Analysis of the Principle of PNG Image Compression


This picture is a gradient color map with a gradually increasing red color. Its red color intensifies from left to right. When mapped to an array, the values are [1, 2, 3, 4, 5, 6, 7, 8].

If we use the differential encoding of X - A, it would be:

[2 - 1 = 1, 3 - 2 = 1, 4 - 3 = 1, 5 - 4 = 1, 6 - 5 = 1, 7 - 6 = 1, 8 - 7 = 1].

The resulting sequence is [1, 1, 1, 1, 1, 1, 1].

This final sequence [1, 1, 1, 1, 1, 1, 1] has a large number of repeated numbers, making it very suitable for compression.


Compression:Perform Deflate compression. This algorithm combines the LZ77 algorithm and the Huffman algorithm to encode images.

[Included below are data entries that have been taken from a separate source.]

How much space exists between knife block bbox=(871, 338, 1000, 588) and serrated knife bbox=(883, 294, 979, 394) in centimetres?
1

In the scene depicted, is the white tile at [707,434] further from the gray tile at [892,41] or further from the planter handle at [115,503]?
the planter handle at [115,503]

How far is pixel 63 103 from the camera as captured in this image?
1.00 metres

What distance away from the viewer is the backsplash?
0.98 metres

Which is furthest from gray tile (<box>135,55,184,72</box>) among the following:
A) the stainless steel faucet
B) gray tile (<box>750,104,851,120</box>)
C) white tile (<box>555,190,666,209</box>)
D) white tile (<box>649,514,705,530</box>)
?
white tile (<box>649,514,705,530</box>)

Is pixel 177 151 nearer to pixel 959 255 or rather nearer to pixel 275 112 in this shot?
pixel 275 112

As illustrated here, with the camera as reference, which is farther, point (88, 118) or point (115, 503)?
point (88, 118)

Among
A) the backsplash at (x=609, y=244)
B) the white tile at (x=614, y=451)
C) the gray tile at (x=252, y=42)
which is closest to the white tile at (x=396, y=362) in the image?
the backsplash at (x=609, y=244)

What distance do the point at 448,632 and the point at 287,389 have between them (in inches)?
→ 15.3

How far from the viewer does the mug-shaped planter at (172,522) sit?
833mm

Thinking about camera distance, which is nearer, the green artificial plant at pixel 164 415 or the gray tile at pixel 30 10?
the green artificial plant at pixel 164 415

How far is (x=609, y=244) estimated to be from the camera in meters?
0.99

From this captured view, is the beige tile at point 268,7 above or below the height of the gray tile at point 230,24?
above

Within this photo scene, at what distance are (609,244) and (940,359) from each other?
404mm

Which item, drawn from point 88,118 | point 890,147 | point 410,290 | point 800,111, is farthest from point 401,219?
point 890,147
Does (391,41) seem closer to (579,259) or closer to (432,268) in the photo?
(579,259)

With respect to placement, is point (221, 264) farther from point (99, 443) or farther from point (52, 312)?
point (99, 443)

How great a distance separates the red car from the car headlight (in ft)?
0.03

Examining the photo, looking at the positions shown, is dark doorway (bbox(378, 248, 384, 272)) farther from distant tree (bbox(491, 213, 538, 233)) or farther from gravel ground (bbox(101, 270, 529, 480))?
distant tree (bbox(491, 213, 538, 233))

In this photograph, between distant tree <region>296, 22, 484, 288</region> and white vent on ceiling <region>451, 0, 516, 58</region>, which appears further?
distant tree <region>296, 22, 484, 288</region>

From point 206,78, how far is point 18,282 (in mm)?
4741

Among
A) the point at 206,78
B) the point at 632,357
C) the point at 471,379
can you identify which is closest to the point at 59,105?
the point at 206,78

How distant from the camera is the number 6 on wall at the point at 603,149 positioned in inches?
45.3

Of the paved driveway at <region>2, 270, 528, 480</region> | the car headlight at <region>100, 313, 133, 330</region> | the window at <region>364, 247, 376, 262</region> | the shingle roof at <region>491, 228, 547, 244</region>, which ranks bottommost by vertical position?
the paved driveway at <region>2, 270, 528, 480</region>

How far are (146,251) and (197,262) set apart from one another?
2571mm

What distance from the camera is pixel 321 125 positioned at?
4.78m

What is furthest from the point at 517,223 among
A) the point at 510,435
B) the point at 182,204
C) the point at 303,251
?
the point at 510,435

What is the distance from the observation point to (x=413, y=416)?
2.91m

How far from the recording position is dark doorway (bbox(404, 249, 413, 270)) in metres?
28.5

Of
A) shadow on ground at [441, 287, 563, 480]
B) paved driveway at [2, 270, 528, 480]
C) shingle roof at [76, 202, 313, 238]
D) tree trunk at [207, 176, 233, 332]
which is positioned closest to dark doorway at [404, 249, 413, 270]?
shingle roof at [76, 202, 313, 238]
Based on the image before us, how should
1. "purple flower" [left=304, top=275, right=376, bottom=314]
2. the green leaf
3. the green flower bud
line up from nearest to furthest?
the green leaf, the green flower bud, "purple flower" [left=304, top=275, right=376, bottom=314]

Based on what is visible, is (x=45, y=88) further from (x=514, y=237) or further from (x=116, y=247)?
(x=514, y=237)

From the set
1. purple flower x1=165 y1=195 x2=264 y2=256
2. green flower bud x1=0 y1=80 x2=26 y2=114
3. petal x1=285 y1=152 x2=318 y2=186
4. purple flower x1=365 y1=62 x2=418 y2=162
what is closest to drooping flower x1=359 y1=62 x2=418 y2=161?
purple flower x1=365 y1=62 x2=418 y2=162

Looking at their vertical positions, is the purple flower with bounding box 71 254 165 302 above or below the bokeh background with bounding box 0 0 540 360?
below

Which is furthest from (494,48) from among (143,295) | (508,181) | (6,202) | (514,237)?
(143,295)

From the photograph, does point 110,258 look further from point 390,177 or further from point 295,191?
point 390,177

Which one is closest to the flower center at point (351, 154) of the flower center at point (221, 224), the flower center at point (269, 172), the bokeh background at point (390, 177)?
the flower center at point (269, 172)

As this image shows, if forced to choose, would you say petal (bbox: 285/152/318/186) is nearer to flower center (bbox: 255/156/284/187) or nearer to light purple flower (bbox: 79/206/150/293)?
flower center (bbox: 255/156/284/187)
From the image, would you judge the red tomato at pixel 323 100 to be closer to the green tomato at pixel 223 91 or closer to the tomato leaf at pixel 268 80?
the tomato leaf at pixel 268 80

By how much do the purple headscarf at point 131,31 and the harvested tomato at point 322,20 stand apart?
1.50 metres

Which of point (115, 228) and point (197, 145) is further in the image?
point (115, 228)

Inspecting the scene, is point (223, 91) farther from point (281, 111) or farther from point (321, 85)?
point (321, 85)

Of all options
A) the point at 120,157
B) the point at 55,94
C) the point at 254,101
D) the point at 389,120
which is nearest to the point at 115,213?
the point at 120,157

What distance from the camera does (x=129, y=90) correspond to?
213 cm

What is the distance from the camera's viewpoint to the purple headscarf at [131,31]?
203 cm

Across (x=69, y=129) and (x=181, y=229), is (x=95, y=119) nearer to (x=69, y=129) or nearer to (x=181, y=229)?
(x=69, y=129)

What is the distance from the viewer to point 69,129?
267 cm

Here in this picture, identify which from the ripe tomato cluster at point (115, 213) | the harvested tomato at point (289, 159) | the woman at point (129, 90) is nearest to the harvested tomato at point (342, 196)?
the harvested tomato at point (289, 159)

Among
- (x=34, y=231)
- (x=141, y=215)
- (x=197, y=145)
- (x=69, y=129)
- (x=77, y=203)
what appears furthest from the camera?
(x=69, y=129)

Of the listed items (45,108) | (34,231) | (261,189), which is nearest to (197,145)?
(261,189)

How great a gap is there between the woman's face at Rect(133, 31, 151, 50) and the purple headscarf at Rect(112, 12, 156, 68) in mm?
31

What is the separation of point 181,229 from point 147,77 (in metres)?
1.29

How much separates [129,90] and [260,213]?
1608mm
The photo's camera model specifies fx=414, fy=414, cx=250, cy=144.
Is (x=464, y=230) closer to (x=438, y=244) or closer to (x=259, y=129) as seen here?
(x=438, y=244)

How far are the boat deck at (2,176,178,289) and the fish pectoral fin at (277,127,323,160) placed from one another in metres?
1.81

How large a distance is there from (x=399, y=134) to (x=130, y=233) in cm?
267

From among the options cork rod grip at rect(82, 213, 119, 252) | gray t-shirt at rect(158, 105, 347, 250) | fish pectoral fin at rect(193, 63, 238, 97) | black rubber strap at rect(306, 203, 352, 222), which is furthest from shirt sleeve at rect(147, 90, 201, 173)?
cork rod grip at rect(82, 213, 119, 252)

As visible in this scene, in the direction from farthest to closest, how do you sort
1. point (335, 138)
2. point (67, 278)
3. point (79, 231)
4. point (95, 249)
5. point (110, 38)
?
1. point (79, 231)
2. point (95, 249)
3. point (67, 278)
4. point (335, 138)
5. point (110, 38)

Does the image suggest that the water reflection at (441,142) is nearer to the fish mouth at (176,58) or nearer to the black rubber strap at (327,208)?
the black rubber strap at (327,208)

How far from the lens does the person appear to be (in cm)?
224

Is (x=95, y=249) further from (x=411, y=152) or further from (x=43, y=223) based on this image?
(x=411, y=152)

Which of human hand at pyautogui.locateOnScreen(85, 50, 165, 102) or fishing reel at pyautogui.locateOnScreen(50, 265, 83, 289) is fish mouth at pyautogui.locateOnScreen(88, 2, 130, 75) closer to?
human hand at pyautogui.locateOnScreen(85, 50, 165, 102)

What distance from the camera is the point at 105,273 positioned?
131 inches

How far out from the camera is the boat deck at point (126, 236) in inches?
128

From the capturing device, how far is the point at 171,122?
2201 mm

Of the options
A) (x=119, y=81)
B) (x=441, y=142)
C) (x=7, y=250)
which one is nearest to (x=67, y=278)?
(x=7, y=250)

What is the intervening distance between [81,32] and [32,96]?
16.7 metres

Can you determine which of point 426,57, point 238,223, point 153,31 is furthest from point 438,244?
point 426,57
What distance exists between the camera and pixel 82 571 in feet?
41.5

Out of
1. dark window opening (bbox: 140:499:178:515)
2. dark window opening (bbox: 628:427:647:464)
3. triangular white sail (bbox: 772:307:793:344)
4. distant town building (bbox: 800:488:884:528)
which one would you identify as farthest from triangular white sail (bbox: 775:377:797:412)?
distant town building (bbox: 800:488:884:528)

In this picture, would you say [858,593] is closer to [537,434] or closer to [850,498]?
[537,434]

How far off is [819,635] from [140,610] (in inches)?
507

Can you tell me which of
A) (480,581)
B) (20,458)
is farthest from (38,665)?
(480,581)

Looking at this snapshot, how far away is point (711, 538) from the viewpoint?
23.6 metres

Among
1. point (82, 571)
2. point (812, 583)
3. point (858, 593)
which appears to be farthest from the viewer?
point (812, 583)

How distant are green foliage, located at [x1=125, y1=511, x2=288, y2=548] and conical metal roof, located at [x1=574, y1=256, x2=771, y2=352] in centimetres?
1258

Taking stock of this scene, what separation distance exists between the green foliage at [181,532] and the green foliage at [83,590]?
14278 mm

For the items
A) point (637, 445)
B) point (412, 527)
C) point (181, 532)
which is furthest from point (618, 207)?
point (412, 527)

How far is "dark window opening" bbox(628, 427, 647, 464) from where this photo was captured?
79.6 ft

The compression stage will perform Deflate compression on the results obtained in the preprocessing stage. It consists of Huffman coding and LZ77 compression.

As mentioned before, Deflate compression will mark all the duplicate data in the image and record the data characteristics and structure, resulting in encoded data of a PNG image with the maximum compression ratio.

Deflate is an algorithm for compressing data streams and can be used wherever streaming compression is required.

Also, as we mentioned before, a PNG image is composed of many data blocks, but some of the information in the data blocks is actually useless. For example, if you save a PNG image with Photoshop, there will be a block in the image recording "This image was created by Photoshop". Many such pieces of information are useless. If you use Photoshop's "Export as Web Format", you can remove these useless information. The comparison effect before and after exporting as Web Format is shown in the figure below:

Analysis of the Principle of PNG Image Compression

It can be seen that after exporting to web format and removing a lot of useless information, the picture is significantly smaller.